Information
....................

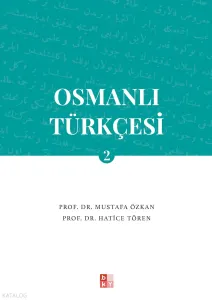 Osmanlı Türkçesi 2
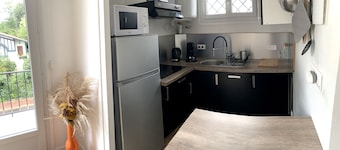 “L’Étale”, appartement avec terrasse au cœur du centre ville. À 2 pas du lac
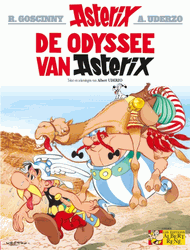 De Odyssee van Asterix - 1981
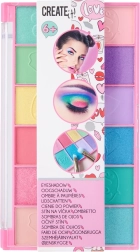 palette ombretti pink 12 tonalità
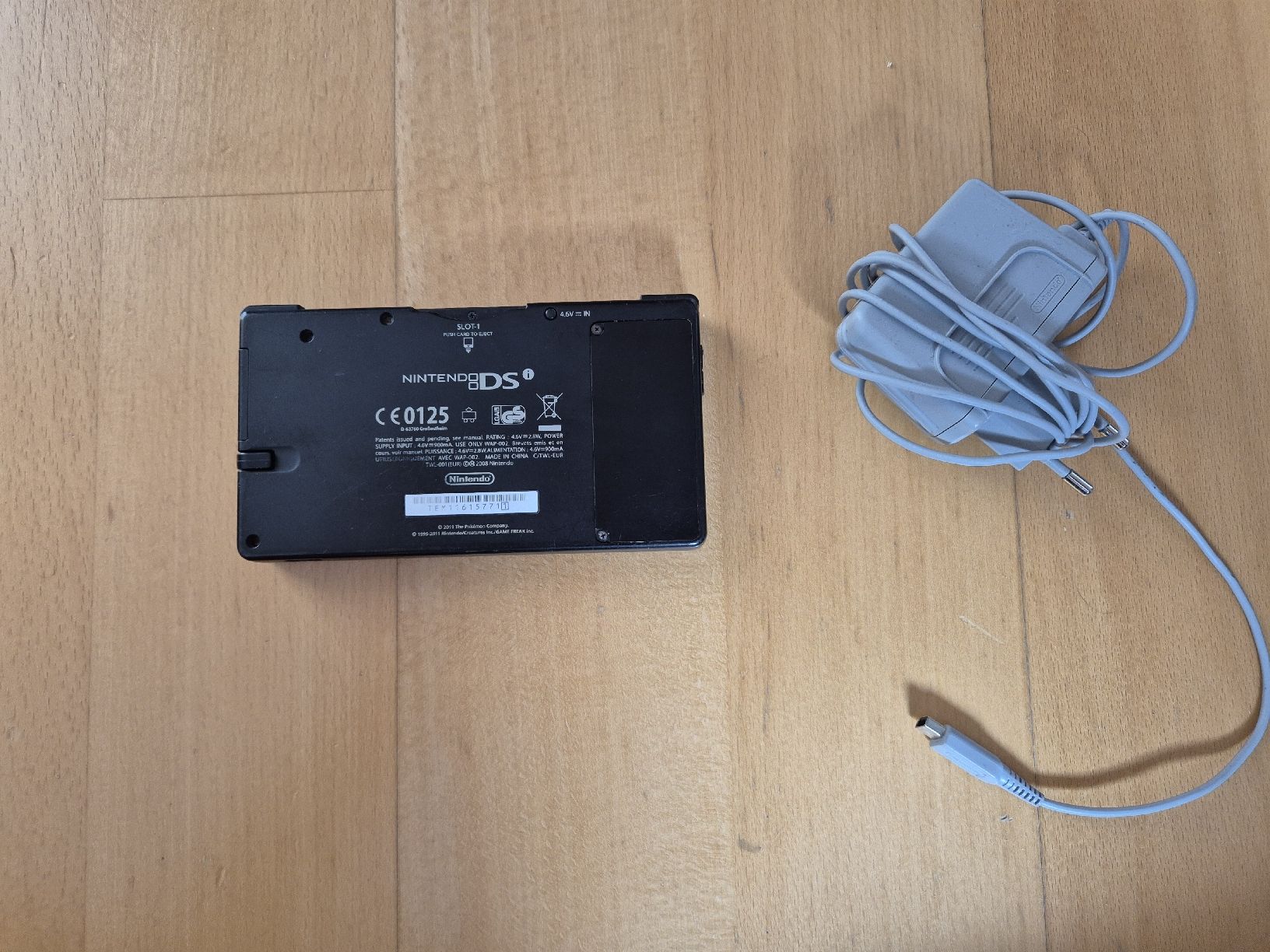 Nintendo Console: Nintendo DSi Pokemon Zekrom Edition – Usato da Bösingen venduto da Akaiwa 2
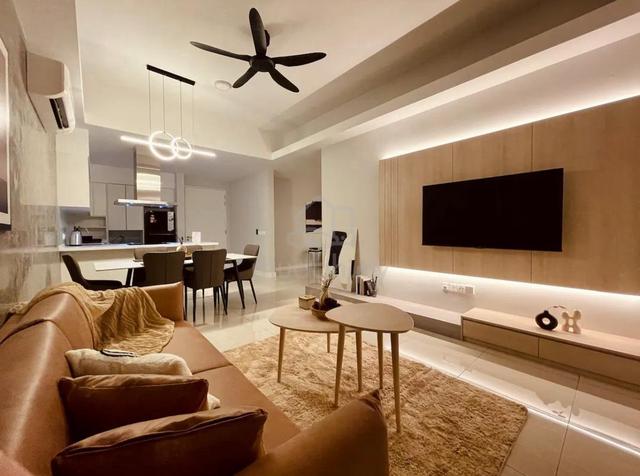 Sentral Suites @ KL Sentral 1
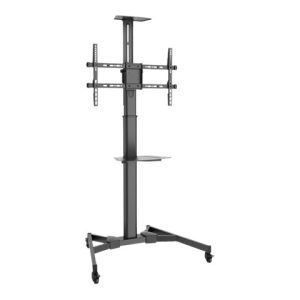 DIGITUS TV-Cart for screens up to 70inch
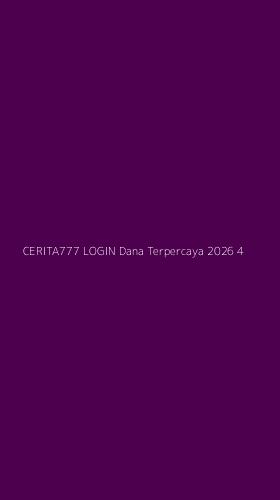Tampilan Antarmuka Aplikasi Cerita777 Login Dana Terpercaya 2026 - 4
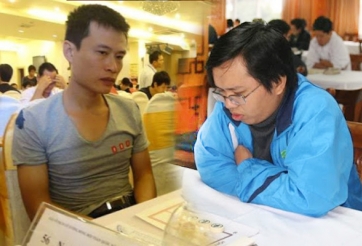 Kỳ thủ Nguyễn Anh Quân đi tiếp tại giải Kỳ vương 2020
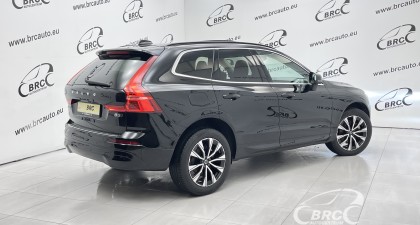 Volvo XC 60 AWD Automatas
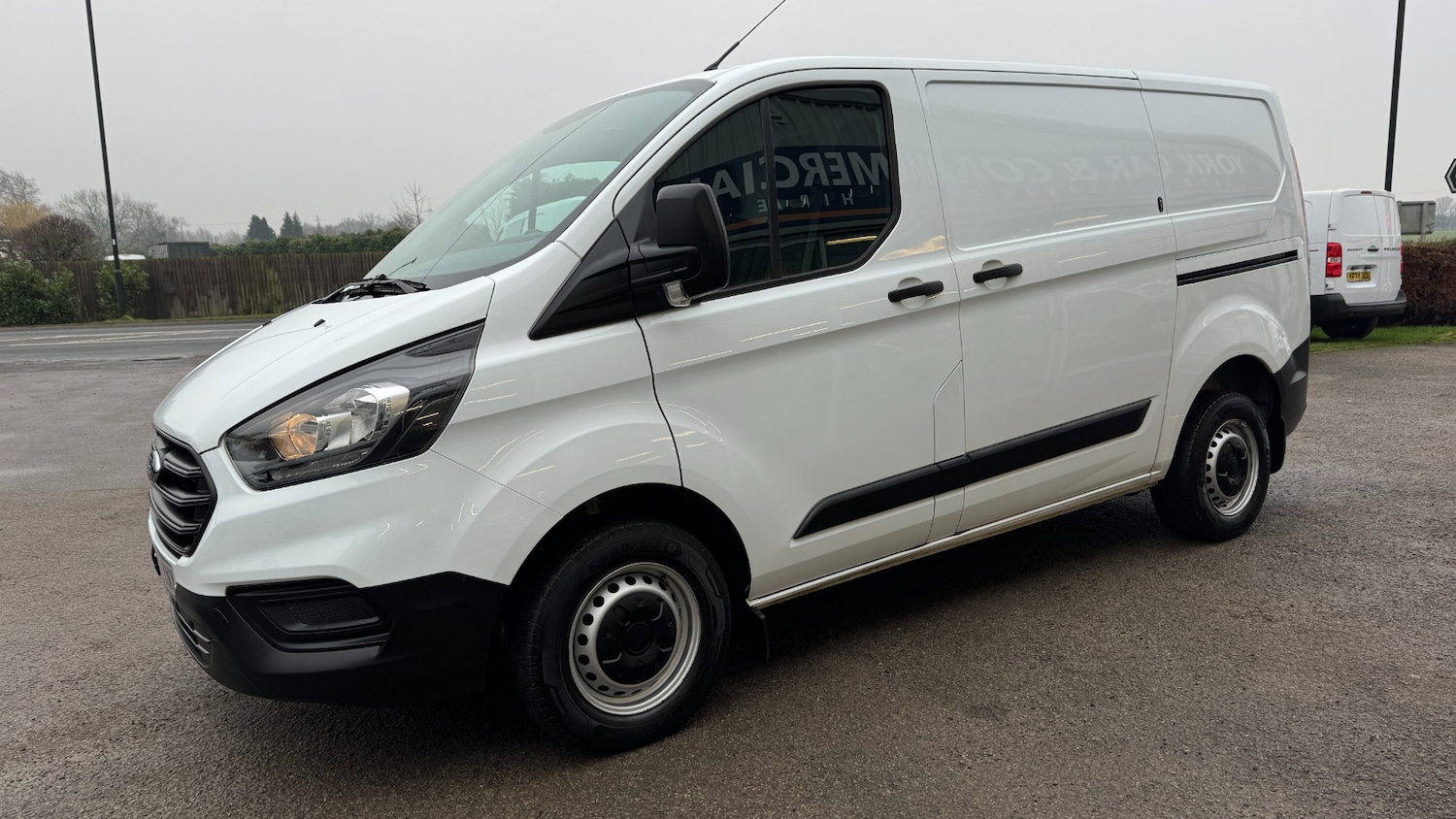 Used Ford Transit Custom 2023 for sale - 77248026: Photo 3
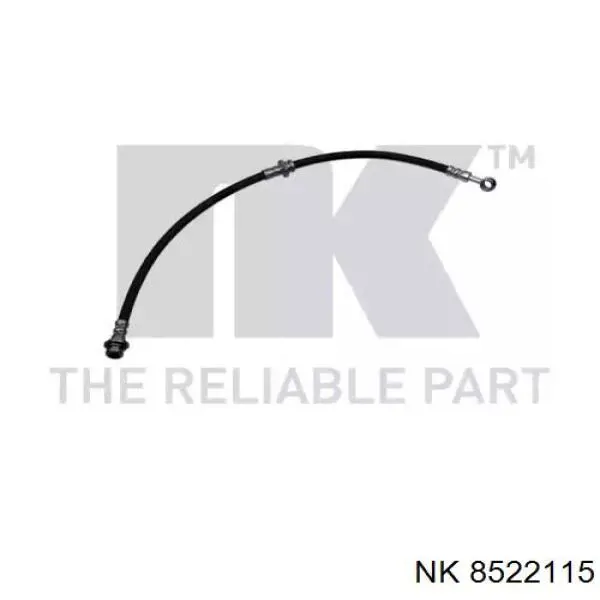 Шланг тормозной задний правый 8522115 NK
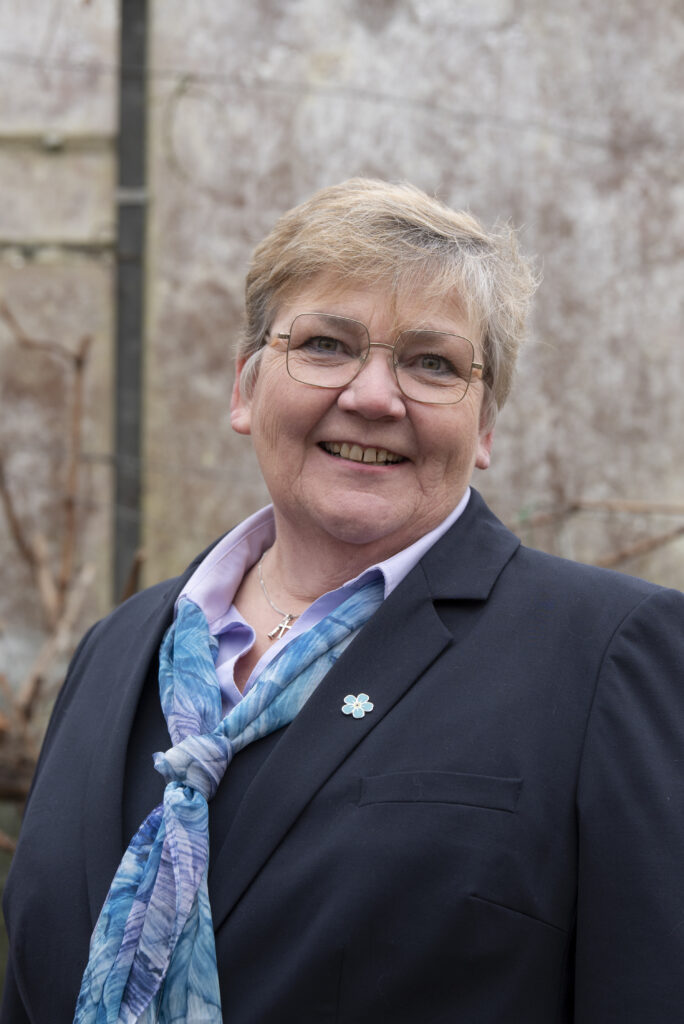 Diana Verdaasdonk | Mathijssen Uitvaartverzorging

....................

What is expected
Please restate word for word the lines above, starting with the line that holds "Used Ford Transit" and ending with the final line of the records, while leaving out pictures.

Written solution
 Used Ford Transit Custom 2023 for sale - 77248026: Photo 3
 Шланг тормозной задний правый 8522115 NK
 Diana Verdaasdonk | Mathijssen Uitvaartverzorging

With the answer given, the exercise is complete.